RIYADH — Saudi Arabia informed the United States military that it could not use Prince Sultan Airbase or Saudi airspace to support Operation Project Freedom, the Strait of Hormuz escort mission that President Trump announced on social media on May 4, NBC News reported on May 7, citing two US officials. The denial killed the operation within approximately 36 hours of its launch.
Crown Prince Mohammed bin Salman communicated the decision directly to Washington without any public statement. A phone call between Trump and MBS failed to reverse it. Kuwait simultaneously denied overflight access. By Tuesday May 6, Trump announced that Project Freedom — which CENTCOM had resourced with 15,000 personnel and more than 100 aircraft — would be “paused for a short period of time.”

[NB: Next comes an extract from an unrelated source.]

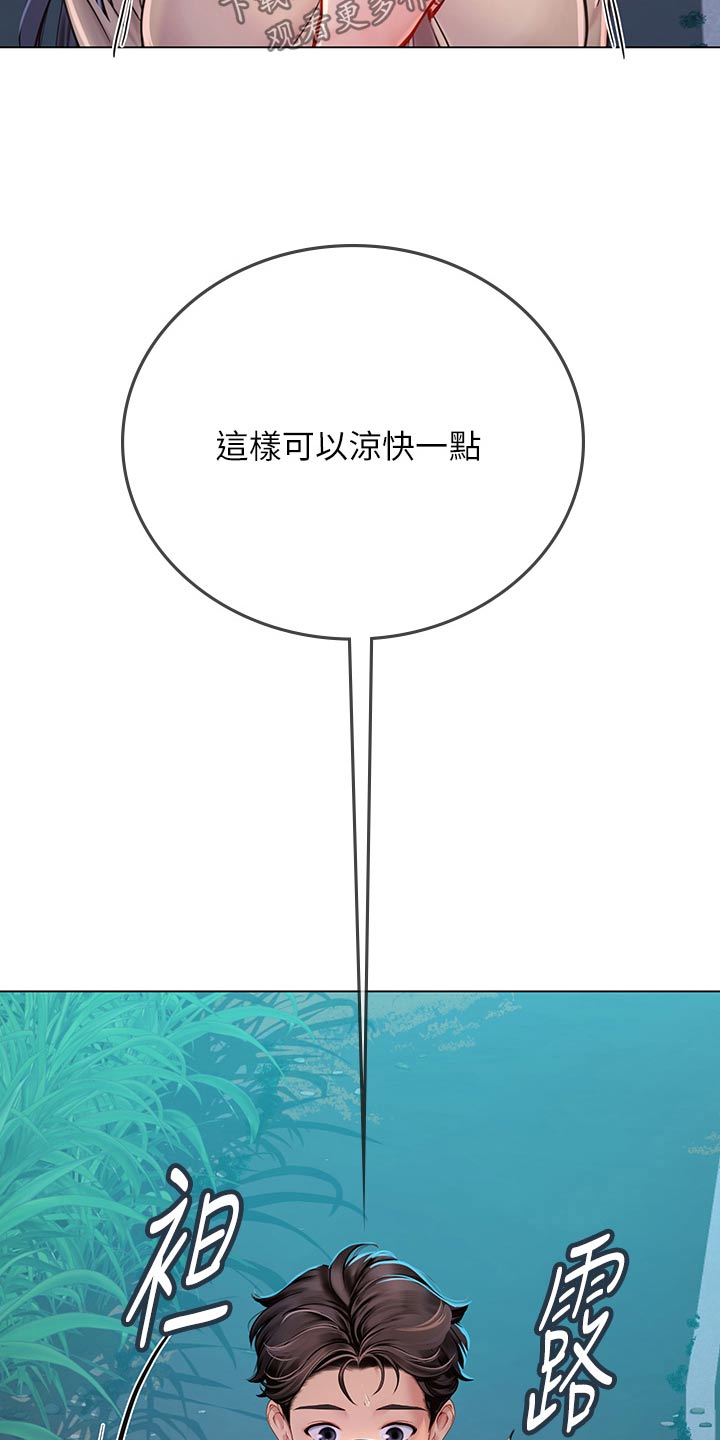 第61章：散步14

The episode is structurally different from every prior Saudi signal on the Hormuz crisis. MBS did not express reluctance, condition cooperation, or issue warnings. He denied access — a binary act within the US military’s ABO (access, basing, and overflight) framework that left no room for negotiation before the operational consequences took hold. What follows examines the confirmed mechanism, the geography that made it fatal, and the precedent it sets for Gulf security architecture.
Contents
- What Did Saudi Arabia Do to Project Freedom?
- Why Is Prince Sultan Airbase Irreplaceable for Hormuz Operations?

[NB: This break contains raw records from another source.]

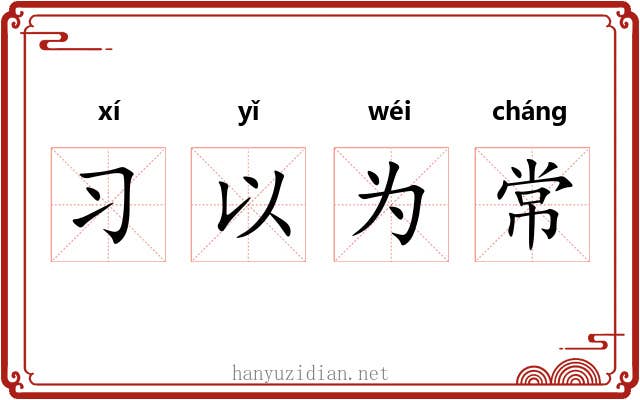 习以为常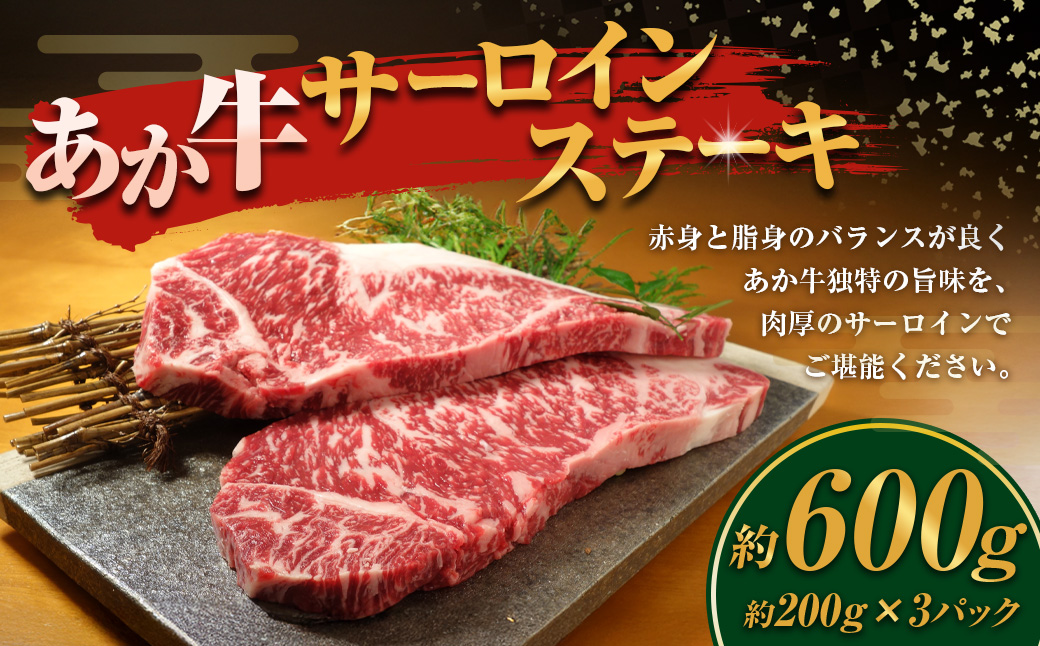 あか牛 サーロインステーキ 計600g 200g×3枚 和牛 牛肉 牛 お肉 肉 サーロイン ステーキ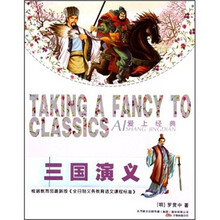 三国演义/爱上经典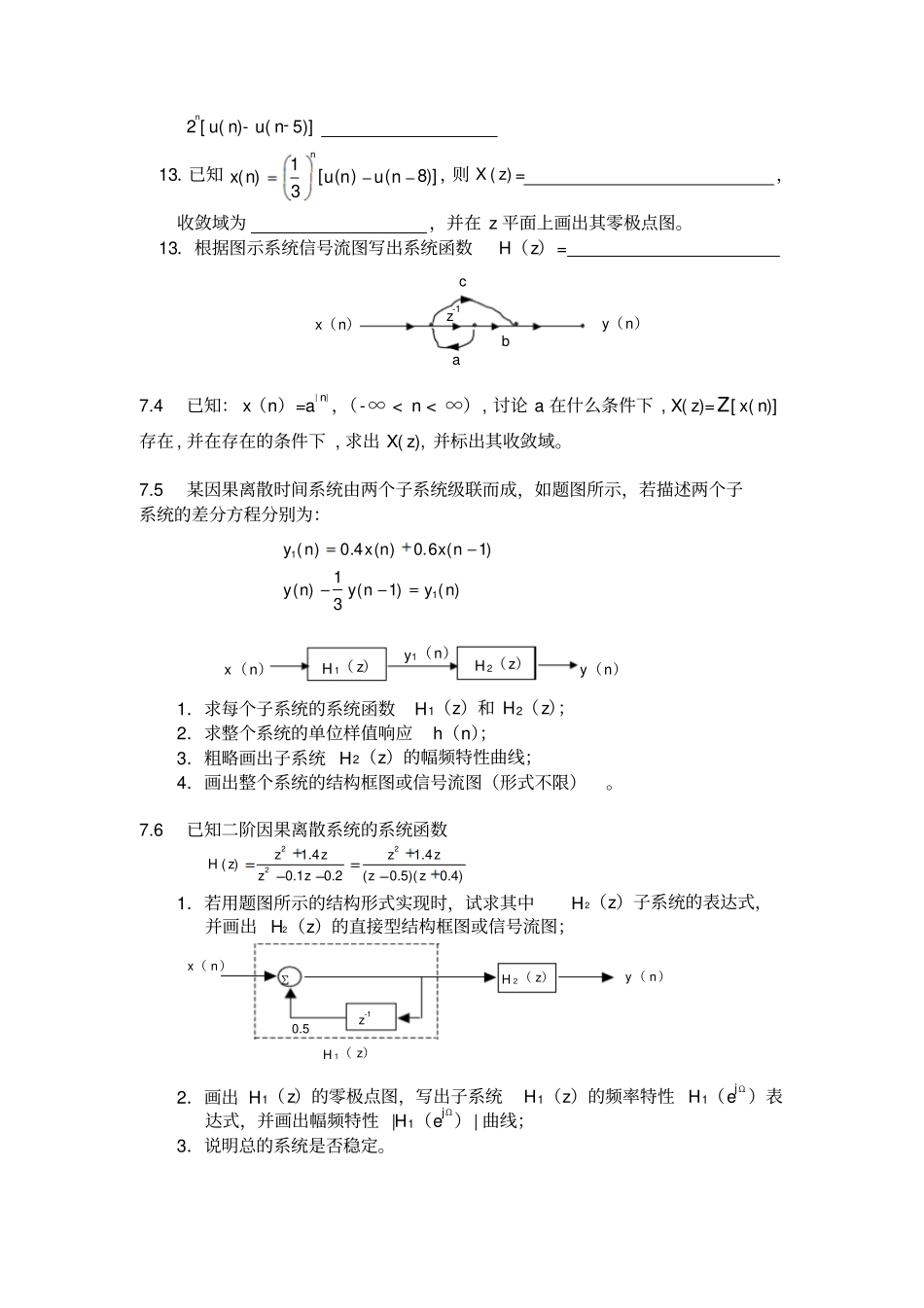 试题库7z变换_第3页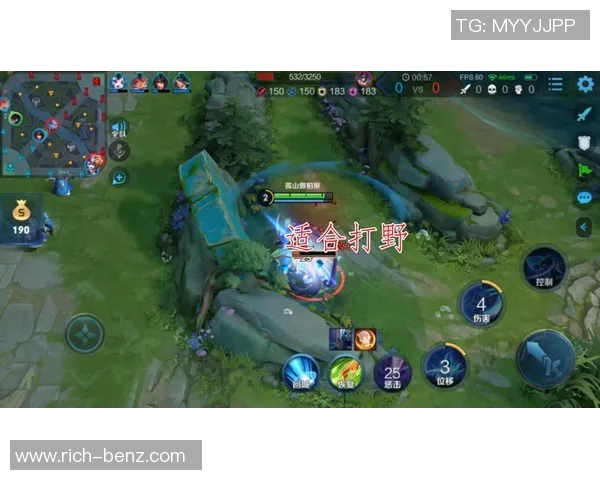 热议王者荣耀：WE战队如何在快速变革中重塑辉煌与竞争力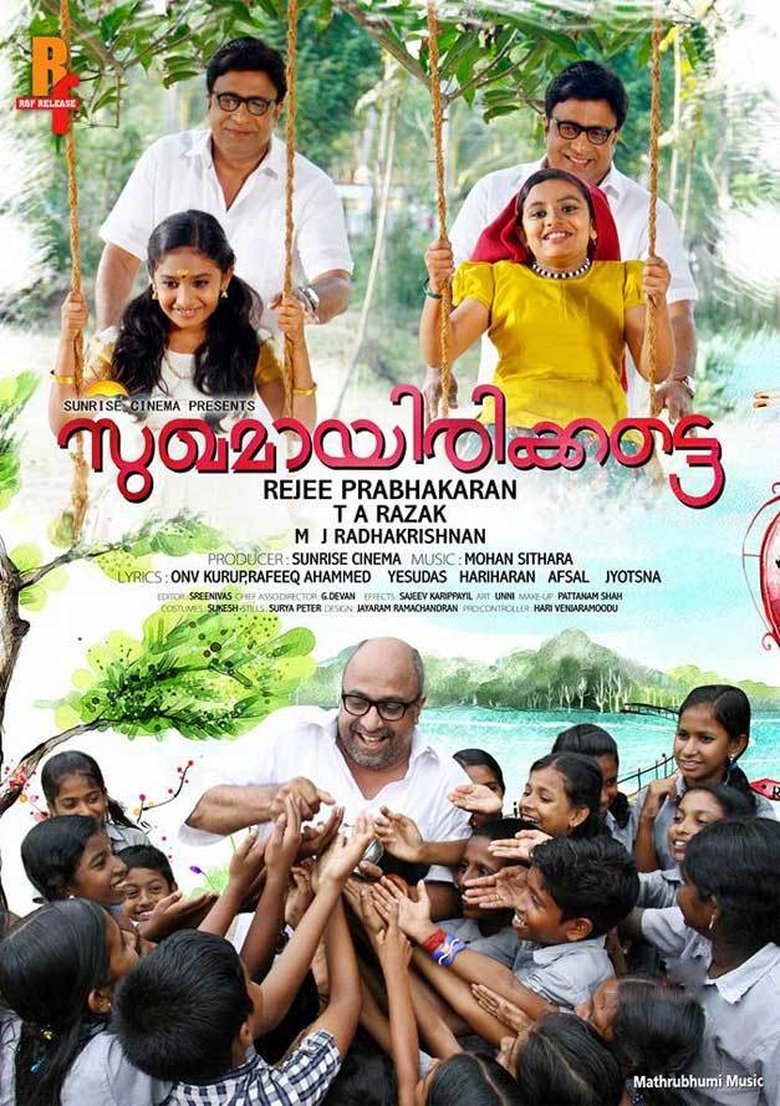 Poster of Sukhamayirikkatte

- Did the Trump-MBS Call Resolve the Access Dispute?
- How Did Pakistan Confirm Saudi Arabia’s Role?
- What Is Iran Reading from the Collapse?

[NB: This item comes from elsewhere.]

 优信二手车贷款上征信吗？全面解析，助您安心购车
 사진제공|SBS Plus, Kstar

- Has a US Ally Ever Denied Basing Access During Active Operations?
- Frequently Asked Questions
- Saudi Arabia and Jordan — basing
- Kuwait — overflight
- Oman — overflight and naval logistics
What Did Saudi Arabia Do to Project Freedom?
Saudi Arabia “informed the U.S. it would not allow the U.S. military to fly aircraft from Prince Sultan Airbase southeast of Riyadh or fly through Saudi airspace to support the effort,” NBC News reported. The denial covered both basing and overflight — the two components that the US military categorizes under the acronym ABO, which stands for “access, basing and overflight.”
The trigger was Trump’s unilateral announcement. “Trump surprised Gulf allies by announcing Project Freedom on social media Sunday afternoon,” NBC reported. A White House official claimed allies were “briefed in advance,” but Qatar and Oman were not consulted before the announcement, according to NBC News and The New Arab.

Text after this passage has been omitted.